Brooke Courtney, Eric Toner, Richard Waldhorn
Date posted:
March 01, 2009
Publication type:

Biosecur Bioterror 2009;7(1):33-34

Mary Ann Liebert, Inc.
Available on publisher's website

Hospitals are the backbone of the healthcare response to mass casualty events, and they will be critically important in the response to a catastrophic health event, such as an influenza pandemic, a bioterror or nuclear attack, a large-scale natural disaster, or other emergencies described in the National Planning Scenarios. And, in fact, the events of September 11 and the 2001 anthrax attacks underscored the importance of healthcare system preparedness for mass casualty and catastrophic emergencies. The HHS Hospital Preparedness Program (HPP) was established in 2002 to enhance the ability of local hospitals and healthcare systems to prepare for and respond to bioterror attacks and other public health emergencies.

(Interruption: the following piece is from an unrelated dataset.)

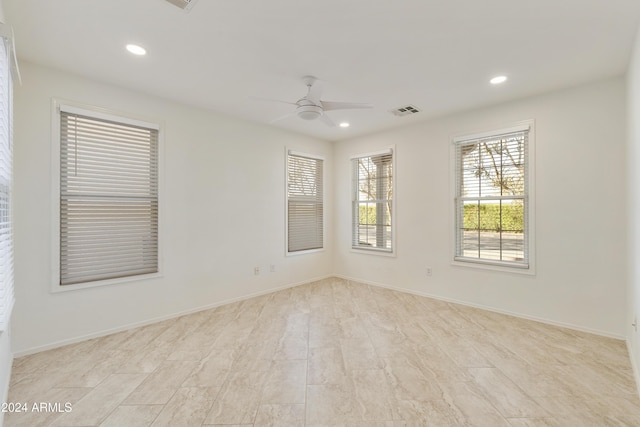 unfurnished room featuring ceiling fan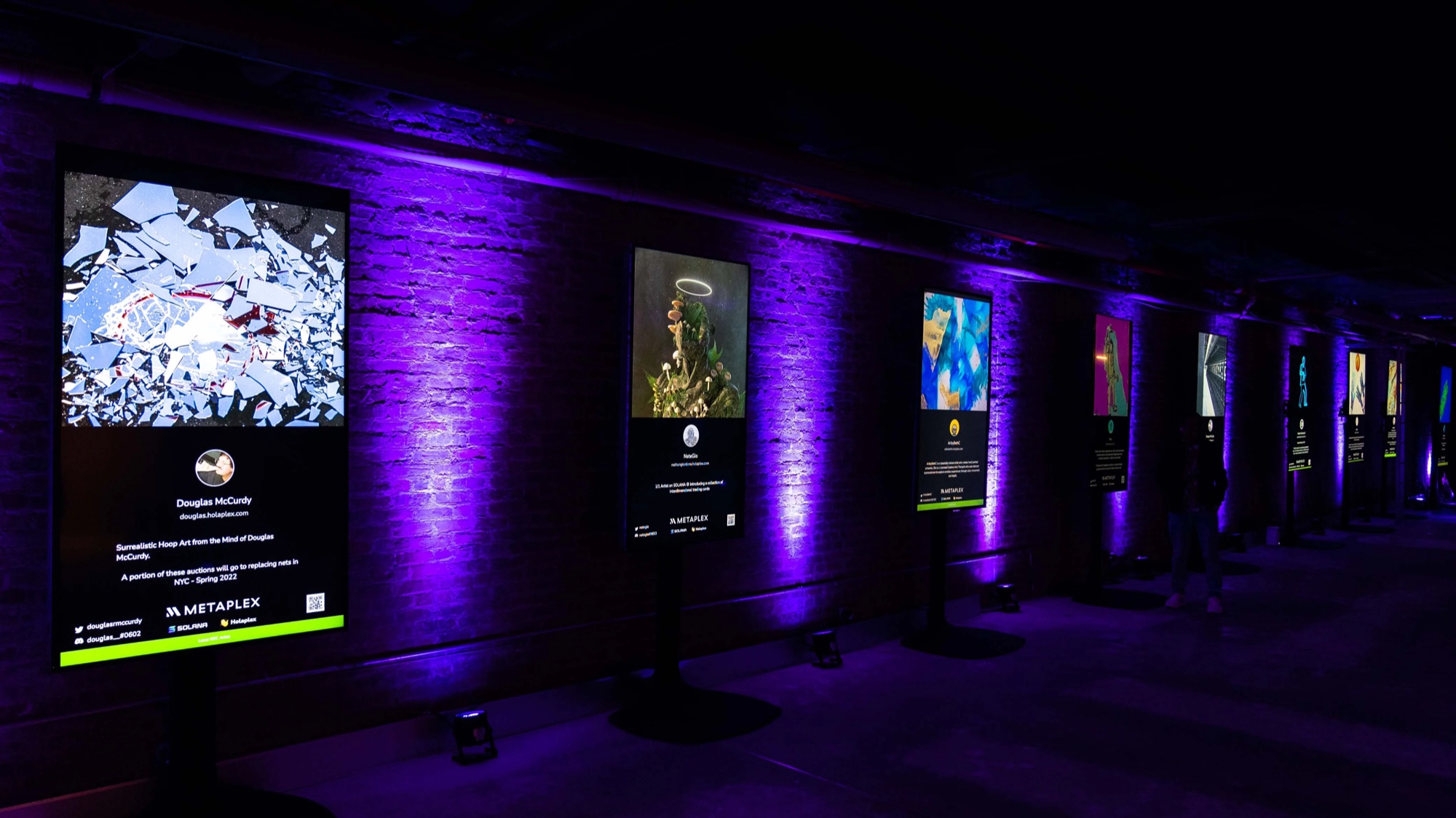 Row of lit artwork panels along a brick wall in violet light at the Solana bootcamp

Sixty-two entities— including all states, the District of Columbia, and the nation’s 3 largest cities— participate in the HPP and have received approximately $2 billion in HPP funding since 2002. While preparedness of individual hospitals has significantly improved since the program’s implementation, the nation’s healthcare system still remains largely underprepared to respond to large-scale catastrophic emergencies. The U.S. healthcare system is not now capable of responding effectively to a sudden influx of patients and the resulting demand for medical resources—staff, supplies, and space—that would occur during a catastrophic event.   There are number of developments, some of them already initiated, that would greatly improve the preparedness of the system for these large-scale events.